Le document observe également que la mobilisation des territoires s’est faite sans un soutien public suffisant. La Cour préconise alors de renforcer et d’étendre l’action engagée en s’appuyant sur les contrats territoriaux pour la mise en œuvre des schémas d’aménagement et de gestion des eaux et de « redéfinir les leviers indicatifs » au changement des pratiques et systèmes agricoles. Le rapport propose cinq orientations devant être rapidement mise en œuvre pour réduire la prolifération des algues vertes en Bretagne.

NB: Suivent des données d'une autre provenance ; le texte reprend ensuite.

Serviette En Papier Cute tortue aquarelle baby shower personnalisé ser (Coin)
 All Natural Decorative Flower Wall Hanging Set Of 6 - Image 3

Il s’agit donc d’étendre la lutte contre la prolifération des algues vertes au-delà des huit baies bretonnes concernées par les Plav en ayant recours aux outils de droit commun que sont les contrats territoriaux pour la mise en œuvre des schémas d’aménagement et de gestion des eaux (Sage). Il est recommandé de définir des objectifs évaluables et en suivre la réalisation à l’échelle des bassins versants. Ensuite, dans le cadre de la prochaine programmation de la politique agricole commune (PAC), la Cour des comptes invite à redéfinir les incitations au changement des pratiques et des systèmes agricoles. Enfin les magistrats préconisent de mobiliser les leviers du foncier agricole et des filières agroalimentaires et d’adapter et faire respecter la réglementation en renforçant les contrôles.